Tyman Plc (LON: TYMN) have released their trading update for investors and shareholders, with reported improving performance in financial 2019 despite tough market conditions, alluding to Brexit complications.
The tough market conditions have seen the UK manufacturing sector shrink, looking its weakest since 2009 which Tyman referenced for the slips earlier in the year.
The engineered components supplier said revenue and adjusted operating profit for the full year are expected to be ahead of 2018 and in line with current market expectations, which will suffice shareholders.
The improved performance was helped by contributions from last year’s acquisitions and the strength of the dollar against sterling.
Tyman highlighted that the growth was achieved despite its markets remaining “challenging”, with European and UK markets having weakened further since the end of July.
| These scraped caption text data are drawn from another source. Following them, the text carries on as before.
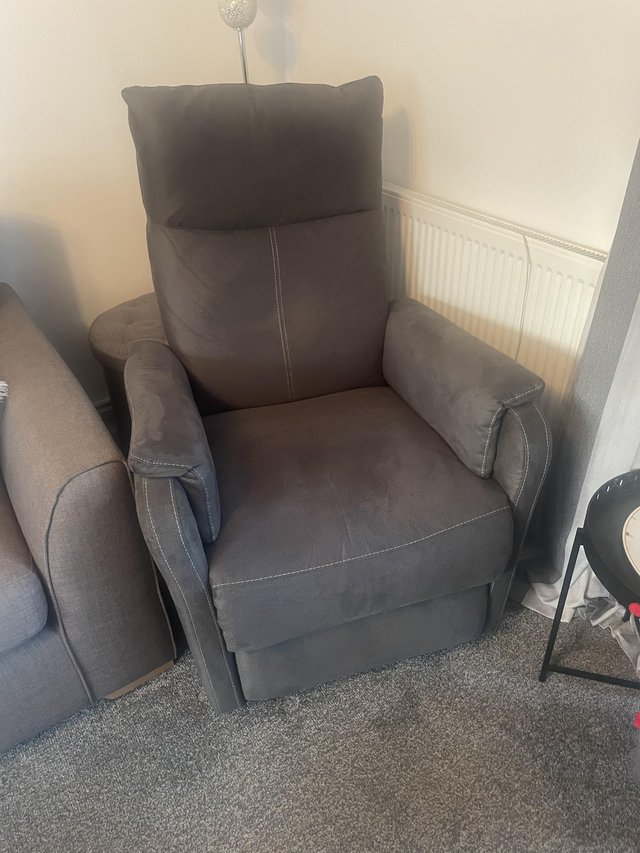 Preview of the first image of Recliner chair very good condition.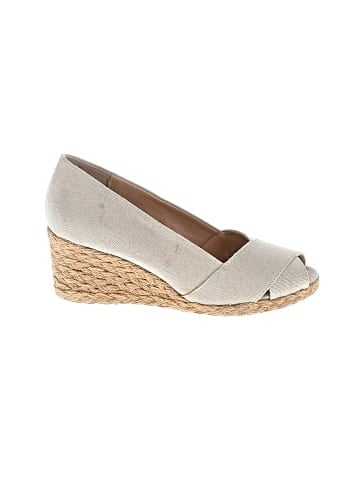 Joan & David Wedges (view 1)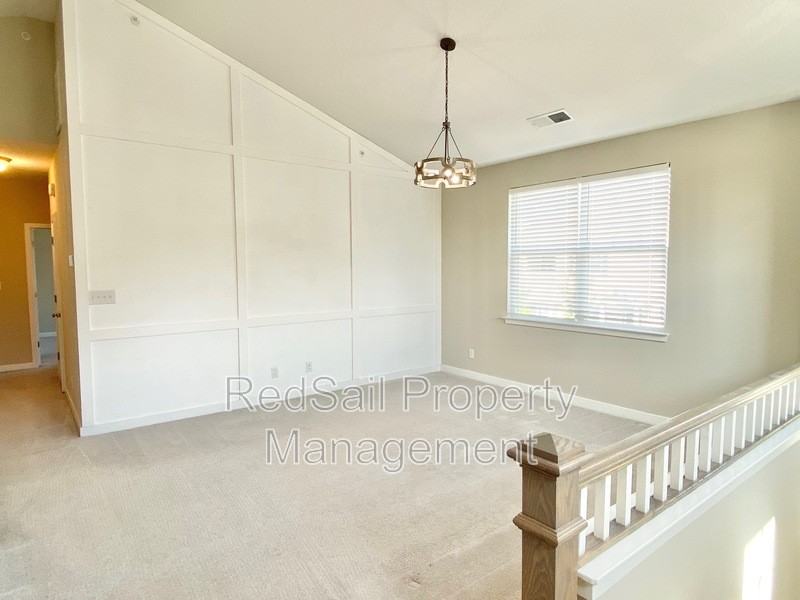 520 Fishers Ct - Photo 3 of 17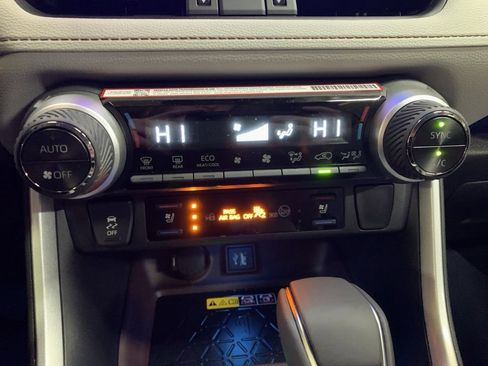 New 2025 Toyota RAV4 Limited image 21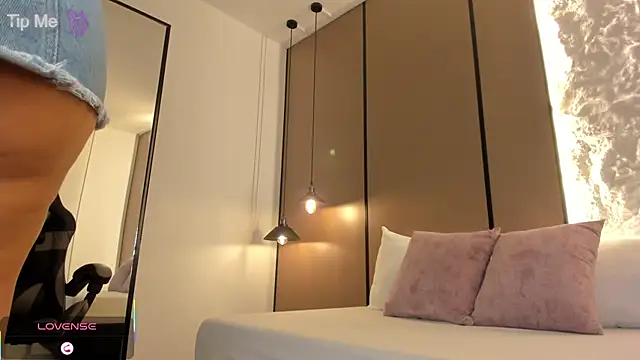 Snapshot of lilly_ass_ chatting on November 13, 2025, 12:48 pm lilly ass online show from November 13, 2025, 12:48 pm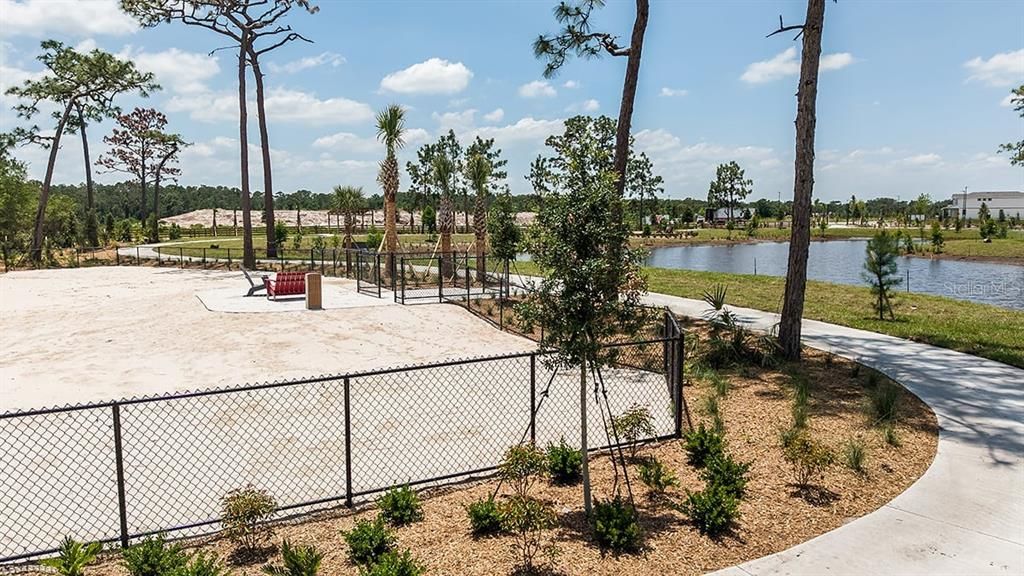 Active With Contract: $735,000 (6 beds, 4 baths, 4627 Square Feet)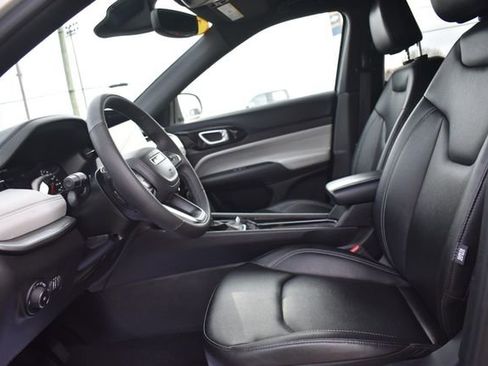 Used 2025 Jeep Compass Limited AWD/4WD image 23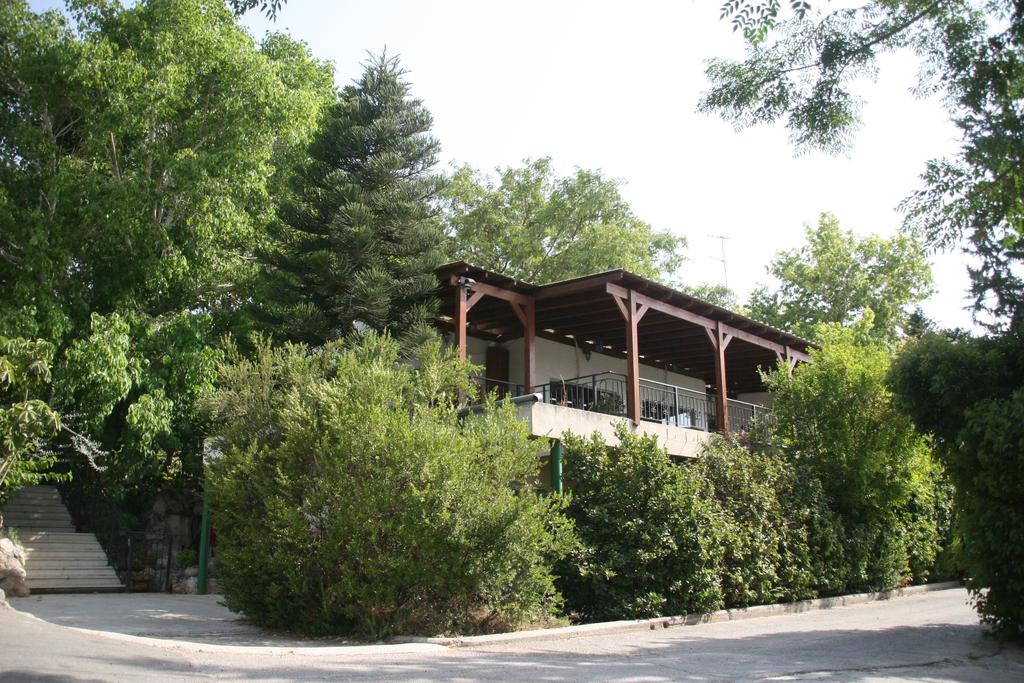 Neve Shalom Hotel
Tyman also reported about North American operations, which remained broadly flat with no clear indication as to when markets would return to higher activity.
“Whilst our main markets remain challenging, we are pleased with the progress being made in our operational performance in North America, with both customer service levels and productivity showing an improving trend,” said Chief Executive Jo Hallas.
The FTSE All Share (INDEXFTSE: ASX) listed company said that European and UK markets had weakened its performance since half year results were published.
Tyman is one of many British firms that have alluded to tough market conditions being a dampener on business.
The British industry has seen many firms struggle such as Dunelm (LON: DNLM), and Links of London.
Whilst firms such as Tyman fight to stay afloat in these testing waters, some firms have sunk following crisis’ business performance.
Giants such as Thomas Cook (LON:TCG) and more recently Mothercare (LON: MTC) have joined a long list of British firm departures from the high street.
Shares of Tyman have jumped 8.96% since the announcement, and shares are currently trading at 225p per share. 6/11/19 13:39BST.